# Speared My First Mahi! With Video



## Clay-Doh (Oct 2, 2007)

‎9/23/11 Out Spearfishing. While underway, saw a big floating piece of wood with gnarled up branches, and pulled up near it. Ton of triple tail on it, then I saw that pretty flash of gold and green at 100 miles an hour, and yelled "Mahi!"

Mike and I grabbed our gun and mask, and I decided what the hell, grab my camera too. Glad I did. 2 small Mahi zoomed by about 10 feet in front of us when we swam to the log. I tracked the front one, and he started to turn before I pulled the trigger, so I immediately lined on the second one, and with a split second of time to react, pulled the trigger.

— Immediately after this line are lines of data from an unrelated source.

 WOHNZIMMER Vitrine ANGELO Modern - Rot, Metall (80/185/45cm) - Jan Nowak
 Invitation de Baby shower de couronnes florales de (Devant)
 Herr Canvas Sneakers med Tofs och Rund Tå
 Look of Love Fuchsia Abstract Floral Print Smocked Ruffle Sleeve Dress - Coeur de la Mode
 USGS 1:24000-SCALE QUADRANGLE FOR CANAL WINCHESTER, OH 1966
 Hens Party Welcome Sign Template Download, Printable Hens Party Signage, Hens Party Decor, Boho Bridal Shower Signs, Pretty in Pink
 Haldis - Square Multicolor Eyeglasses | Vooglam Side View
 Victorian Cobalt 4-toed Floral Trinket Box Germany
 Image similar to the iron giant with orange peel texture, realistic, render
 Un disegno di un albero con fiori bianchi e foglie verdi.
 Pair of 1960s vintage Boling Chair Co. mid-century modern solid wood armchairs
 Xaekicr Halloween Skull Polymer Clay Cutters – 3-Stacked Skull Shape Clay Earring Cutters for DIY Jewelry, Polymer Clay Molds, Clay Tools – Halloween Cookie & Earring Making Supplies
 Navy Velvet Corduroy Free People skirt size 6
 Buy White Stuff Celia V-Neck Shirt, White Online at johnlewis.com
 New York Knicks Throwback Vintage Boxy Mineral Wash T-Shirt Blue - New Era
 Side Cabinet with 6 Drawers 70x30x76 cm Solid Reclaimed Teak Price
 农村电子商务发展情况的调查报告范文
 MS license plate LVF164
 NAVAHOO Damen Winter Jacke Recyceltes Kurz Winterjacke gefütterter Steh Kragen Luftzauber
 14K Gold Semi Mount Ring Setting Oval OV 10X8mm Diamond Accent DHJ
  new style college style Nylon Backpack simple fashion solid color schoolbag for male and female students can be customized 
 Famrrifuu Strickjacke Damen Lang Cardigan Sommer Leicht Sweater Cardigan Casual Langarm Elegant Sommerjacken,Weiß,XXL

Stone shot right through the head. Only 3 fish I have never shot that I have been wanting to, the 3 pelagics, Mahi, Tuna, and Wahoo. Now I'm proud 2 say, it's only 2 left on the list, which will involve a dive trip to the rigs one day soon.

Great day out

Here's the link to the video.

http://www.vimeo.com/29608282


----------



## feelin' wright (Oct 7, 2007)

Congrats on knocking off one of you items on the bucket list.


----------



## LandlockedJT (Mar 1, 2010)

Nice shot. Did you try for any of the trippletail?


----------



## bbarton13 (May 4, 2009)

awesome, great video as always!


----------



## aroundthehorn (Aug 29, 2010)

Where were y'all?


----------



## coolbluestreak (Jun 27, 2011)

Thanks for another great vid!:thumbsup:
Approx what size was that Aj in length or lbs, I really want to bag one?


----------



## Pierce07 (Nov 13, 2007)

Triple tail are illegal to spear in Florida. Open in Alabama


----------



## bigrick (Sep 29, 2010)

Wirelessly posted

Nice fish. Those things are quick.


----------



## aquatic argobull (Mar 2, 2009)

Takes a hell of a shot to stone a mahi! Good stuff!


----------



## Addict'd (May 17, 2009)

Jealous! All three of those are on the bucket list for me too...Been talking to a Cpt out of Venice, LA and he thinks he may be able to put me on those fish, looking for people to split the cost, if interested hit me up!


----------



## Clay-Doh (Oct 2, 2007)

Thanx guys! Glad you enjoyed it. I was really proud hittin it. Can't wait to get to the rigs and get tuna and wahoo


----------



## jjam (Dec 9, 2007)

Looks like you were in the zone Clay and nailed it perfectly. 

Congrats!:thumbup:

Jimmy


----------



## oxbeast1210 (Jun 21, 2010)

awesome!!!


----------